As an artist ages, he or she becomes increasingly sensitive to the world and more uncertain of how to proceed. As the artist grows wiser, he or she must make the decision to continue groping for the elusive threads of memory and the constant uncertainty of personal experience. It is important for the work that the artist must stay uncomfortable. Cole Carothers has made this choice.
Round Trip, Carothers’s recent show in Covington, presented paintings of various sizes, shapes, and temperaments. Carothers has been in the game a long time now, but the work feels unexpected. Much contemporary painting deals in cold calculation, process and irony applied like a flashy veneer. Carothers’s current works feel vulnerable, divulging private glimpses. It is not that the subject matter is so personal: a window, muddy fields, a beach. The magic comes from how the paintings feel. Many hit you in the gut, although a few works feel sentimental and presented instead of created. Wonderfully, the work can fail because it reaches so high. From the potent fragility of Drive By Whiteout and Dunkel Landschaft to the fecund world of Swamp and the colorful work Cacti, Carothers is a risk taker. Stubbornly anachronistic, the power of his work relies on its transformative properties, not its content or materials.
Carothers’s paintings are expansive in their sense of touch.
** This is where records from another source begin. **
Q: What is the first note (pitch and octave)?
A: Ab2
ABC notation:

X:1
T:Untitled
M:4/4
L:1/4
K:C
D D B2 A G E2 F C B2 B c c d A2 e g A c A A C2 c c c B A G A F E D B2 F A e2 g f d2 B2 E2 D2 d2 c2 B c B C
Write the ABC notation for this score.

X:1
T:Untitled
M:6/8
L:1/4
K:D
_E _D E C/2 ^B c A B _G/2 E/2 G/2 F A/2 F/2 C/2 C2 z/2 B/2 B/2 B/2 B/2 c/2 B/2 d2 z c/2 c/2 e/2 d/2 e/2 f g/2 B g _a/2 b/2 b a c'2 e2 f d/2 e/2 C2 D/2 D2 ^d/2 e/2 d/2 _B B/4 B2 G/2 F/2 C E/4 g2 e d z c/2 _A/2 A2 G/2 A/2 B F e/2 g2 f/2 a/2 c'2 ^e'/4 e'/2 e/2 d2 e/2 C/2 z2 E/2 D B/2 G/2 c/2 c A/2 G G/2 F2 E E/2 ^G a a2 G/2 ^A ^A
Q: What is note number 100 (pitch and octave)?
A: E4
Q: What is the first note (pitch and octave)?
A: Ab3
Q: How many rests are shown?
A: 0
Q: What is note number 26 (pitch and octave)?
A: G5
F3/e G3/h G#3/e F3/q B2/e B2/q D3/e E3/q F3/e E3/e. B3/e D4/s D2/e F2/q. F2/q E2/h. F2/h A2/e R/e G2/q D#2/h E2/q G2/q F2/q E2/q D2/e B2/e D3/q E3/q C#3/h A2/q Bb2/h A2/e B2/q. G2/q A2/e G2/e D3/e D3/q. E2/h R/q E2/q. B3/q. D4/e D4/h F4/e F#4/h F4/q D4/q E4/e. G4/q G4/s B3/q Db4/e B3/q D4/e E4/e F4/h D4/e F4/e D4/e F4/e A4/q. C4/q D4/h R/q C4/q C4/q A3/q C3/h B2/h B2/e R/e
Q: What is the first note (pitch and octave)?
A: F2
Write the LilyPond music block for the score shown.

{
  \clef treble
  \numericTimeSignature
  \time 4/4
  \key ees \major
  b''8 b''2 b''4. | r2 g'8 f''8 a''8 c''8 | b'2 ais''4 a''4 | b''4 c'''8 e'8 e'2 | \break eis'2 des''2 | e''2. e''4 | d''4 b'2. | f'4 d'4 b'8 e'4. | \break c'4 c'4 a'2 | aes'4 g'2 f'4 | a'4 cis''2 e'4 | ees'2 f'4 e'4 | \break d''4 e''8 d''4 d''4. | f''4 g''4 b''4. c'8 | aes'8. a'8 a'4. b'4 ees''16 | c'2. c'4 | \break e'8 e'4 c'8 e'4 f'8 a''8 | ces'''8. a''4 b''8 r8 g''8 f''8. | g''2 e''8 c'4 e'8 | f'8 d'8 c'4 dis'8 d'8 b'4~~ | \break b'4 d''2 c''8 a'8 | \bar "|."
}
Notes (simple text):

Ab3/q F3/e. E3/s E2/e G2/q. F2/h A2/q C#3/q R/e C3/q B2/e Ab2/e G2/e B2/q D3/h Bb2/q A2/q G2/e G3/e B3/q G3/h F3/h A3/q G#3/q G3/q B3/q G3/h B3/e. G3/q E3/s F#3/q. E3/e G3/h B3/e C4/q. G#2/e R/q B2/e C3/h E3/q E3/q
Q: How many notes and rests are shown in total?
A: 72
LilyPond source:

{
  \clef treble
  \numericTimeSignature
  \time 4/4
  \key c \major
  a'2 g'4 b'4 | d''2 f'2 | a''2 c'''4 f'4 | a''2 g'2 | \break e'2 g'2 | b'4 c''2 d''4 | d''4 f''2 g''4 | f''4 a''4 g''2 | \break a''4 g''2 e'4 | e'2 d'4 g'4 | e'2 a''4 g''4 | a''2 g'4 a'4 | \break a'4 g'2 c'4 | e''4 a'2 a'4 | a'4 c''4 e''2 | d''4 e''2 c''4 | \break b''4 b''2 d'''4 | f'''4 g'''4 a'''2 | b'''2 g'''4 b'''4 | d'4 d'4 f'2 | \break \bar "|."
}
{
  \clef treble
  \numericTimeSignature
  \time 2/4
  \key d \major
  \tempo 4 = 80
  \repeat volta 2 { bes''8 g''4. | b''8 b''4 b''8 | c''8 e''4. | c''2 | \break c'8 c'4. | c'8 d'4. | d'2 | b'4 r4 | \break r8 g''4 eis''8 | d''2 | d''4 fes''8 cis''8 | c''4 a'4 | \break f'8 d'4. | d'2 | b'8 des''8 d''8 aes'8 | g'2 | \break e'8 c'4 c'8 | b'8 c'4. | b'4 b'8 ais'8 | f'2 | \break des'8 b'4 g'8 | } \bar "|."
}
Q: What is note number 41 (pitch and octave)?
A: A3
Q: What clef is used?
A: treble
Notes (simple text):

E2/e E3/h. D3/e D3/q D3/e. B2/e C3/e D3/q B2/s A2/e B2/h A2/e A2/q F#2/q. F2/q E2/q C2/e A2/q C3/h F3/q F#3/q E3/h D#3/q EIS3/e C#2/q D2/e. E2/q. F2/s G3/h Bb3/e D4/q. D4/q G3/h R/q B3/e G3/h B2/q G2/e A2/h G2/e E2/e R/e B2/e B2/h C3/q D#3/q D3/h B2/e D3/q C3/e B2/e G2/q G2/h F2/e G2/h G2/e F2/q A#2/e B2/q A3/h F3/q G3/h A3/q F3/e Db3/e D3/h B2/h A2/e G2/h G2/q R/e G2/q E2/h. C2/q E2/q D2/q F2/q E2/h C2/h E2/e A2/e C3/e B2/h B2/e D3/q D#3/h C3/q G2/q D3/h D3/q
The paint is smashed, slapped, dragged, smeared, scraped, feathered, and redrawn. As viewers, we have all touched many different things in our lives. In their tactility, these paintings give us a sense of intimacy. We see the image but feel its physical presence. The paintings present a myriad of intuitive discoveries, each marked by a kinetic painterly event. Carothers was trained when the methods of Abstract Expressionism were law, and you can feel the digestion of action painting in the work shown here.
A more persuasive type of digestion is also at work: the digestion of memory and experience. Carothers often works from memory, and in his openness of heart to the essential constituents of an experience, he elevates his work from ambitious realist painting to serious art. Historical precedent exists for the kind of emotional memory painting that Carothers takes part in. The great painter Pierre Bonnard is present in spirit in Carothers’s work. Carothers is obviously not derivative of Bonnard in the look of his work, but the great gift of innocence and memory that Bonnard had is here. From the Brooklyn Rail in March 2009, Greg Lindquist wrote about Bonnard:
The transformation of subject into painting is fantastical—it is a translation of memory, recreating images with an otherworldly recollection that evades sentimentality yet remains deep with feeling.
Carothers’s best work feels untethered in its historical context, wholly personal and urgent. A good example of this is in the large work from this year entitled Sideways Afternoon. This work is one of Carothers’s recent paintings that clearly depict local places. Here Carothers takes a subject he has been painting for his whole career, an open window. In many of Carothers’s earlier works, the view out of a typical Midwestern window might reveal a strange Italian landscape, and the disjunction between the two worlds lent the works a surreal charge. Sideways Afternoon also has a sense of the uncanny, but this time it is a specific feeling and experience. This painting feels personal. The window frame tilts at a strange diagonal referencing its photographic origins. This artistic choice involves us physically in the image. I found myself adjusting my body to try to gain perspective. The artist took the reference photo for the painting lying down in his bed at home. This explains the strange way the window frame leans simultaneously away and towards us. Peculiarities abound in this work, but none of them feels heavy handed. Take the screen at the bottom of the image. Strange dark concentric vibrations radiate upward in the middle panel. They seem to originate from the viewers vantage point, but they also pull inward like a whirlpool on the surface that points to seismic upheaval much deeper below. Conversely, the curtains are painted with a flat disdain, which reads grotesquely because of the blithe calligraphy of their linear decoration. Things seem much cheerier as we move out the window. Late day sun allows a saffron chimney to sound off against the gritty tones of the rest of the painting. In Sideways Afternoon, Carothers has allowed us in to his emotional world. It is a world of quirky humor, a profound connection to family and home, but also deep skepticism about the proportions of progress both personally and in the world at large.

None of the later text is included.